Mi ha davvero impressionato il bel libro di Domenico Quirico, Esodo, libro che racconta i suoi viaggi al seguito dei migranti, in Africa, in Siria, a Melilla, sui barconi. Quirico racconta come parti intere del mondo si sono svuotate, ingoiate dalla natura, dai deserti, frantumate nel paesaggio a causa delle guerre. Milioni di persone in viaggio, un viaggio, lungo anni, che induce un processo ineluttabile di trasformazione. Chi è arrivato non somiglia più a colui che, anni prima, era partito. Il Viaggio lo trasforma nel profondo, nella sua identità. “La conseguenza di questa emigrazione nuova del nostro tempo è la creazione di tipi completamente nuovi di esseri umani, individui che si radicano in idee piuttosto che in luoghi, gente obbligata a definirsi sulla base della pro- pria alterità”.

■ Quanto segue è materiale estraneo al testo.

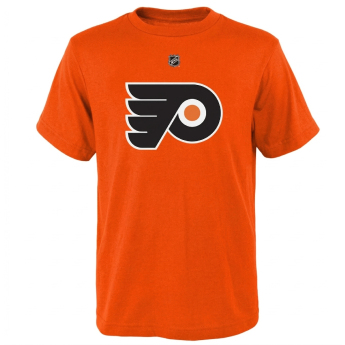 Philadelphia Flyers muška majica Sean Couturier #14 orange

La copertina di VITA Bookazine di agosto

Non siamo più di fronte solo ad un islamismo che si è radicalizzato, ma sempre più a un radicalismo che si sta islamizzando. Nelle azioni di questa spaventosa sequenza il problema del fondamentalismo religioso, quando esiste, è un’etichetta sovrapposta quasi a giustificare, a nobili- tare e a dare una dimensione apparentemente universale, a dei problemi ben più profondamente personali anche se non meno universali: dal disadattamento alla salute mentale, dallo spaesamento alla marginalizzazione, quello che viene alla luce è un panorama umano desolato, deprivato, che urla un desiderio di senso e di felicità al quale chi compie certi atti non ha trovato risposta. Non ha torto chi parla della presenza di un nuovo fantasma globale: il fantasma di un nichilismo non più ingenuo ma distruttivo. Tutti gli attacchi sono compiuti da suicidi, tutti vogliono annichilire e annichilirsi, affermarsi con la massima negazione, causando a sé e agli altri un male definitivo, irreparabile. Scott Atran, direttore di ricerca al Centre national de la recherche scientifique di Parigi ha notato su Vita.it: “A ispirare i più letali terroristi del mondo oggi non sono tanto il Corano o gli insegnamenti religiosi quanto una causa eccitante e un invito all’azione che promette gloria e considerazione agli occhi degli amici e, attraverso gli amici, rispetto e memoria nel mondo”. Per questi fondamentalisti 2.0 “Il jihad è un datore di lavoro egualitario e ricco di opportunità... eccitante, glorioso e cool”. La religione non c’entra, la gran parte di quei giovani erano pessimi musulmani, riappare in una forma perversa, un “veicolo emozionale” capace di dar forma a un mondo che molti giovani percepiscono oramai senza forma alcuna. Qui interviene quel mix tra nichilismo e post nichilismo che è la vera scommessa dell’IS.

Che fare , che possiamo fare noi? Padre Jacques Hamel, il sacerdote ucciso a Rouen, nel suo ultimo scritto indicava l’unica strada per togliere acqua al nichilismo distruttivo e folle: “Possiamo ascoltare in questo tempo l’invito di Dio a prendere cura di questo mondo, per renderlo, là dove viviamo, più caloroso, più umano, più fraterno”. Invito che non è molto diverso da quello laico di Italo Calvino “Cercare e saper riconoscere chi e che cosa in mezzo all’inferno, inferno non è, e farlo durare, e dargli spazio”. Dare spazio e far durare esperienze di bene, proporre a tutti esperienze di vita buona. Ecco il compito urgente per tutti noi.